In the world of vastly growing software applications which require faster developments and instantaneous deployments, docker provides an efficient way of deploying and maintaining application instances without having to worry about the environment requirements. Because, docker facilitates in creating a "container" hosted applications.
To get started in the world of docker way of application deployment, we require to get ourselves familiar with a few commands which do jobs like starting, running and terminating a "container" along with commands which help in monitoring the containers and executing commands over them.
A container is a virtualized set of resources and environment required for that application to run. It includes the runtime, the system and others. This eliminates the need for us to think about the various prerequisites required in deploying an application and the resources required for it to run smoothly without any issues. This kind of deployment is particularly useful in applications such as dotnet, java or node which require specific runtimes and web servers for the binaries to run.
Let’s look at a few basic docker commands which can help us get started in the world of dockerizing applications:
> docker create [options] <image_name> <initial_command>
This command creates a new container of a specified "image".
An image is a trimmed down version of operating system along with a specific set of resources pre-installed, which is downloaded from the docker repository and setup in the client machine (our machine) for use.
This downloaded copy of the specified image is assigned an id and is returned as the "container id". It is in this "container" that we deploy our application binaries and is exported for reuse and deployments. The "create" command creates a usable docker container out of the image but doesn’t start it. It will be in a stopped state unless "started".
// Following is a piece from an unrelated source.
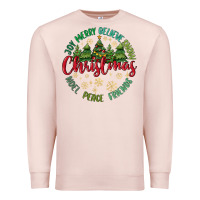 Pale Pink Christmas Vibes Premium Sweatshirt - MaliasSmallBusiness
> docker create hello-world
> docker start [options] <container_id> [<container_id> ..]
returns the started container with the initial command executed.
This command starts an already "created" container which is in a stopped state. The option flags provided along with the command specify how the container shall be started and communicated with. The container_id passed here can be a part of the container_id (from the beginning of the string) generated for the created container when the create command is issued.
> docker start -i d709792528dbeab
In this case, the flag -i represents interactive, where the containers Standard Input (STDIN) shall be open for communication. As soon as the container starts, unless a startup command to be executed is provided when creating, the default command which is set by default within the image will be executed. This can be overriden by passing the initial_command argument along with the create command.
> docker stop <container_id>
This command can be used to stop a running container. When this command is issued, the docker issues a SIGTERM signal to the main process executing within the running container. And after a specified grace period, the main process is forcefully killed by issuing a SIGKILL signal if the process is still executing. This command is particularly helpful is issuing a "safe exit" for the process within the container.
> docker stop d709792528dbeab
> docker kill <container_id>
This command is similar to stop, but instead of issuing a SIGTERM signal to the main process in the container and waiting for its termination, the kill command force kills the main process in the container by issuing a SIGKILL signal at the first place. Hence this command can be issued when we would want to force kill a container even though it might result in a non-safe exit.
> docker kill d709792528dbeab`
> docker run [options] <image_name> [initial_command]
This command can be used to create and start a non-existing container from a specified image. Once issued with necessary options, the command downloads the specified image from the docker repository and create a new container out of it with the specifications applied and then starts up the container.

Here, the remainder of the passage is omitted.